All terms
Training & adaptation
Fine-tuning
Also known as: SFT, supervised fine-tuning, instruction tuning
Continuing training on a pre-trained model with a smaller, curated dataset to adapt it to a specific task, domain, or style.
What it means
Fine-tuning is what you do when prompting alone isn't enough. You take an already-trained model (Llama, Mistral, Qwen, GPT-4o-mini via the API) and run more training on a curated dataset — usually a few thousand to a few million examples — that teaches it your task, your domain vocabulary, or your preferred output format. The base model's weights shift slightly to favor your data without forgetting everything else.
In practice, most teams should not fine-tune. A good prompt plus RAG plus a frontier model beats a fine-tune of a smaller model in the vast majority of business cases — and it's cheaper and faster to iterate on. Fine-tuning makes sense when you have (a) a narrow, repetitive task, (b) thousands of high-quality labeled examples, and (c) latency or cost requirements that rule out frontier APIs. Classic fits: classification, structured extraction, style mimicry, on-device assistants.

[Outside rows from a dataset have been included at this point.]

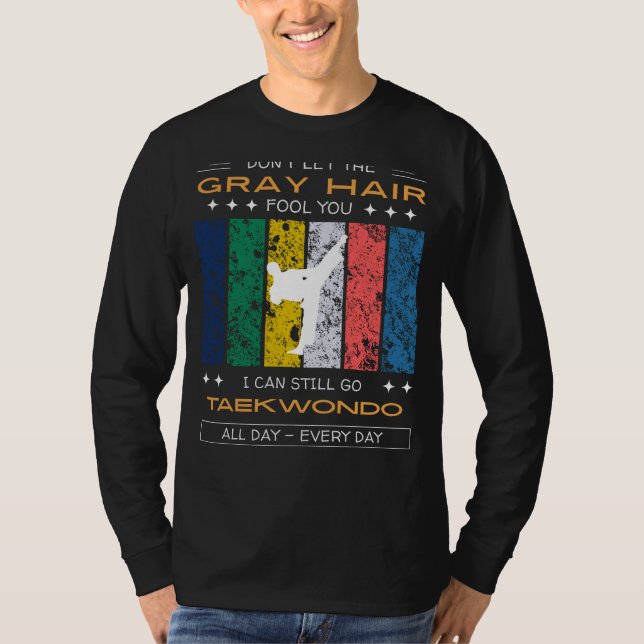 Taekwondo Enthusiast Tee - Grey Hair, Martial Arts (Front)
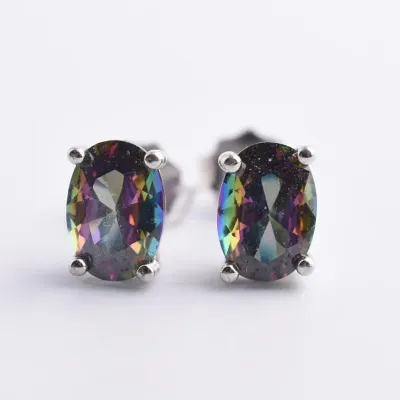 Mystic Sterling Silver Stud Earrings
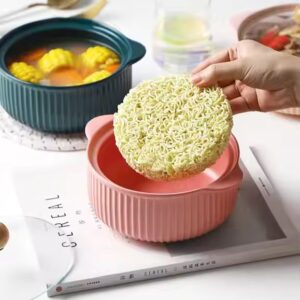 Ceramic Tableware Double Ears Baking Bowl with Lid Soup Bowl Large Household Noodle Pot Single Soup Cooking Basin Pot - Image 5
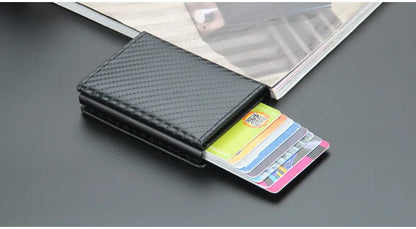 2024 Rfid Men Card Wallets Magnetic Button Free Name Customized Small Card Wallets Carbon Fiber Mini Wallet Qaulity Male Purses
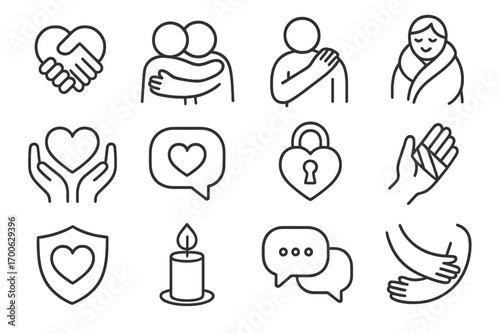 Emotional Safety Icons. Line style icons of emotional safety: trust icon, two people hugging, comfort gesture, warm blanket; heart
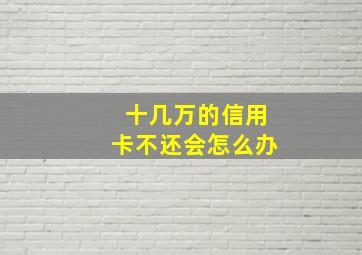 十几万的信用卡不还会怎么办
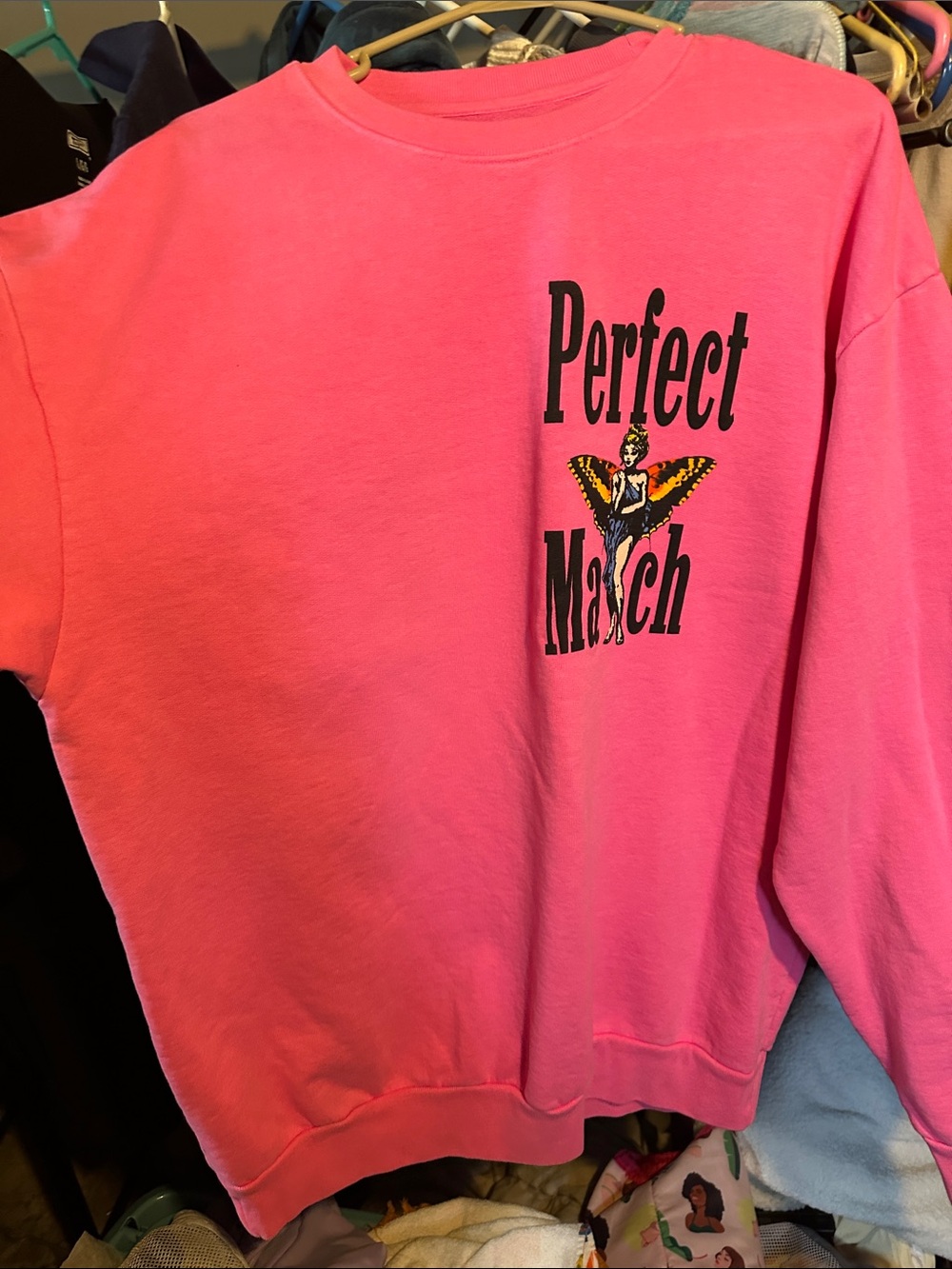 Boys Lie Hot Pink 'Perfect Match' Graphic Oversized Sweatshirt - Picture 3 of 4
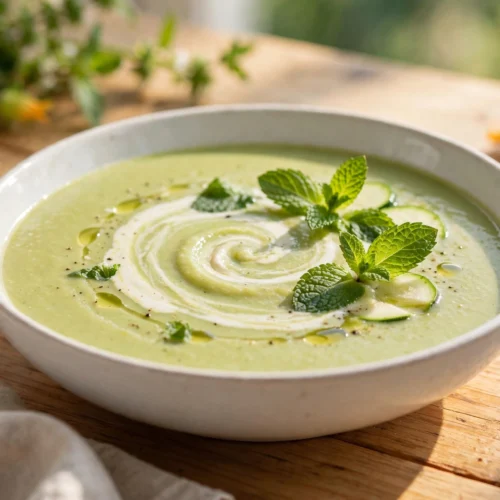 Velouté vert de la recette de soupe courgette en bol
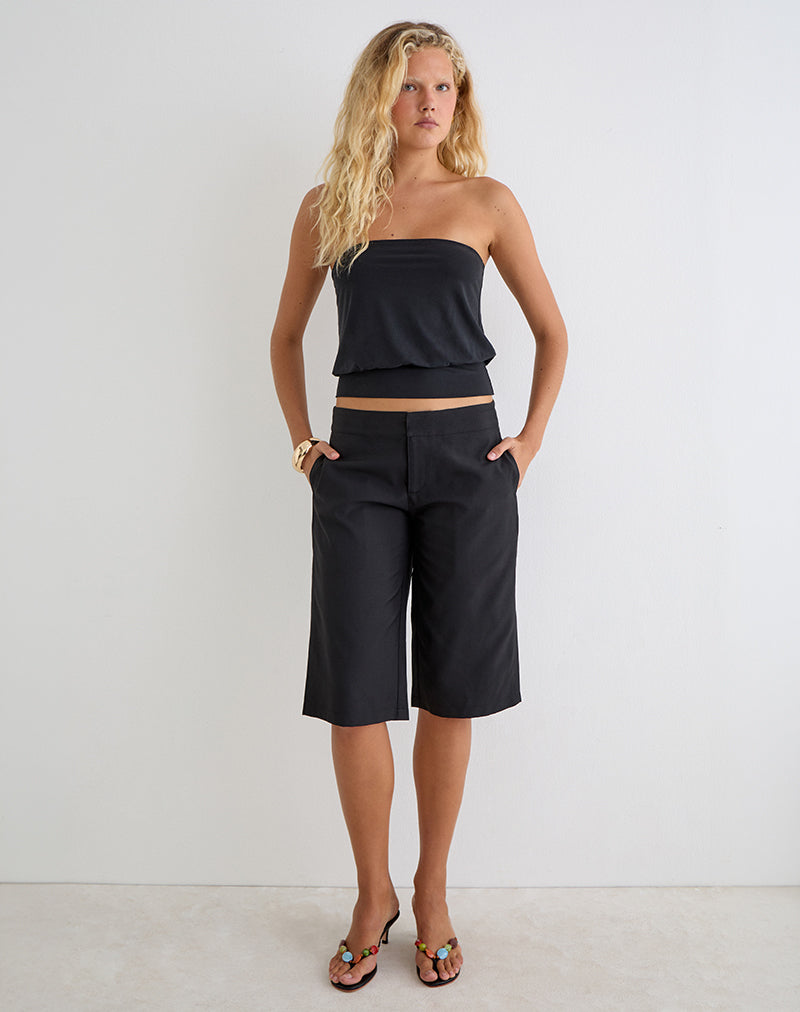 Image of Geza Longline Short in Tailoring Black
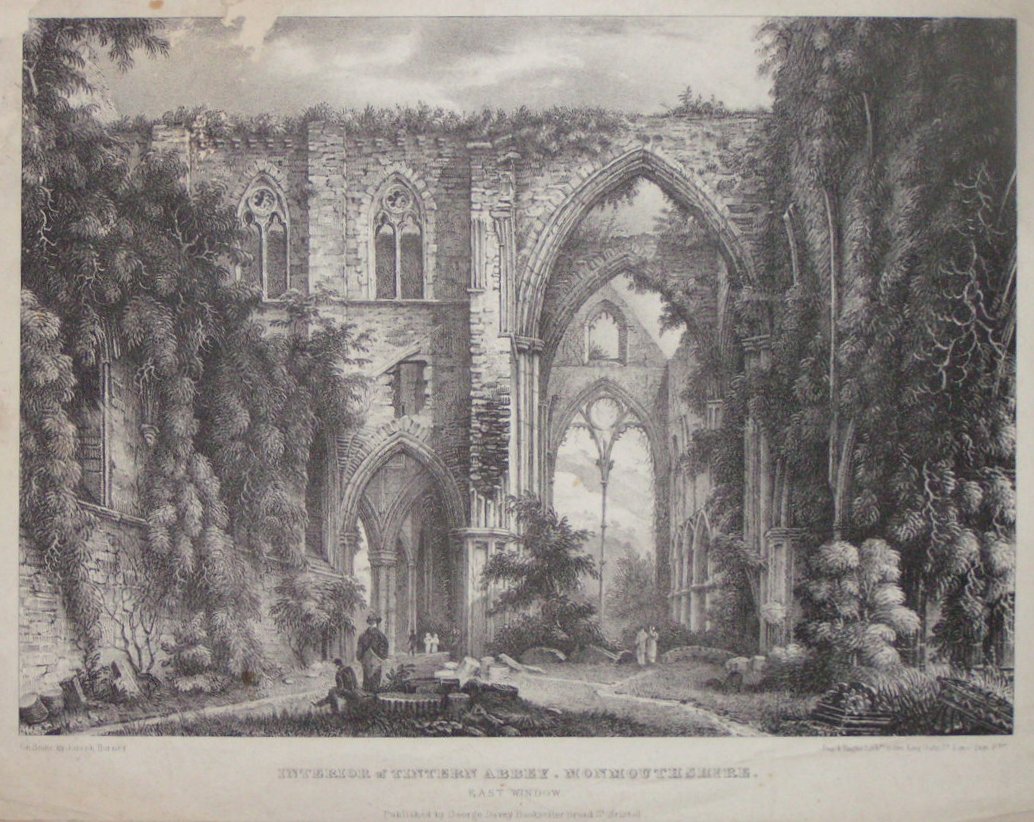 Lithograph - Interior of Tintern Abbey, Monmouthshire. East Window.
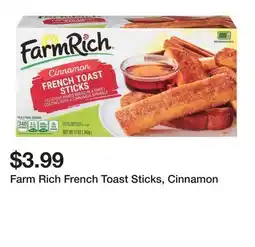 Wegmans Farm Rich French Toast Sticks, Cinnamon offer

Modern fine-tuning is rarely "full fine-tuning" anymore — touching every parameter is expensive and risks destroying the base model's general ability. Instead, almost everyone uses LoRA or one of its variants, which trains tiny adapter layers and leaves the original weights frozen. OpenAI, Anthropic (via Claude's fine-tuning beta on Bedrock), and every open-model host offer LoRA-based fine-tuning as the default.
Example
A legal-tech startup fine-tunes Llama 4 8B on 50,000 contract-clause classification examples. The fine-tuned model hits 96% accuracy at one-twentieth the cost of calling GPT-5 for the same task — and runs on their own GPUs.
Why it matters
Fine-tuning is the most overhyped tool in the AI builder's box. People reach for it before they've actually tried prompting properly, and end up with worse models, more ops burden, and frozen behavior. Knowing when fine-tuning is and isn't the right answer is one of the higher-leverage skills in applied AI.